Religious oppression and the communist party’s stranglehold on power may not sound like the ideal conditions for religious innovation, but it seems that some of the most remarkable innovations in Islam are coming from just such a place: The Ningxia province of China.  
  
The Islam that has developed in the Ningxia province of China is notable both because it has been isolated from the trends and developments of the wider Muslim world and because its historical and political position has made it an unusual space for social and religious innovation.

Richard Bulliet, in his book Islam: The View from the Edge, offers a remarkable social historian’s reading of Islamic history.
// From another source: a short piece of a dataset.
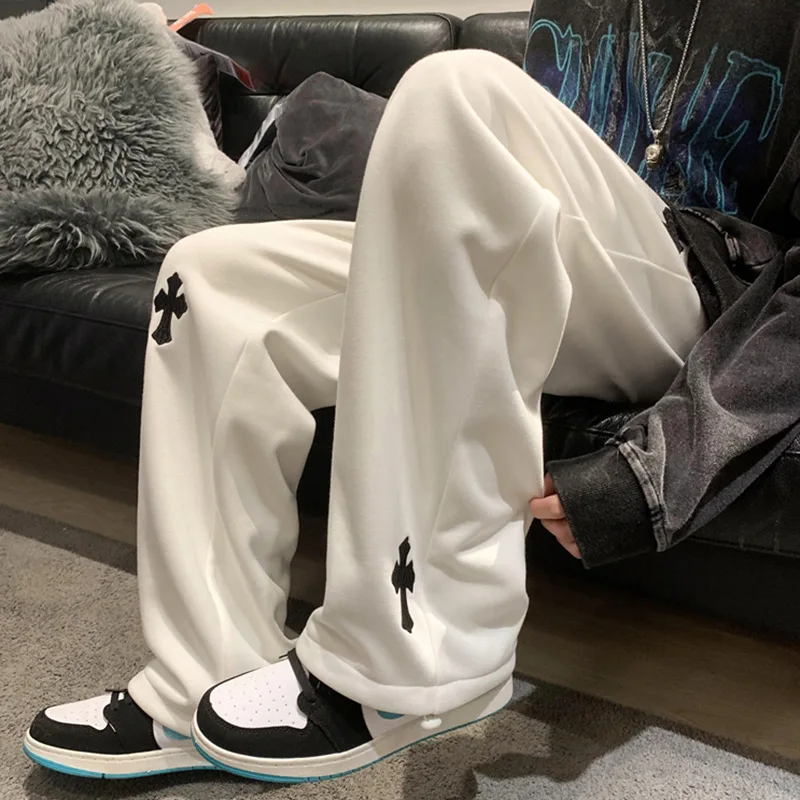 

Milky White Pants High Street Ins Trendy Men's All-Matching Vintage Sweatpants Men's Loose Wide Leg Sports Casual Pants 8XL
Instead of relying on the “view from the center,” and understanding Islamic history by charting the course of the caliphal dynasties, Bulliet contends that we should also examine the “view from the edge,” and ask how and why Islam became woven into the social structure of the citizens who were neither literally nor figuratively at the political center of the Islamic empire. The Ningxia province of China lies on the literal and figurative edges of Islam, and it provides just such a “view from the edge.”

Jin Meihua is 40, a mother, and, extraordinarily, a female imam. While her mosque is attached to a more traditional male mosque, other women have established independent women-only mosques.

Noting the uniqueness of Islam in Ningxia, Maria Jaschok, Ph.D., research scholar at the Institute for Chinese Studies and member of the International Gender Studies Center at Oxford University, states that “these are sites led by women for women, not overseen by male religious leaders … they’re independent, even autonomous. This is simply not the case anywhere else in Muslim countries.”

Additionally, as Dr. Khaled Abou el Fadl from UCLA notes, “the Wahhabi and Salafis have not been able to penetrate areas like China and establish their puritanical creed there … that’s a good thing, as it means that perhaps from the margins of Islam the great tradition of women jurists might be rekindled.”

Religious oppression coupled with communism may not sound the death knell for religious development, after all; such a place is, in fact, one of the very significant edges of Islam. The Ningxia province will be a region to observe both for the innovative interpretations of Islam it will provide and because it will be a window into a changing China’s experiment with Islam and with its 20 million Chinese Muslims.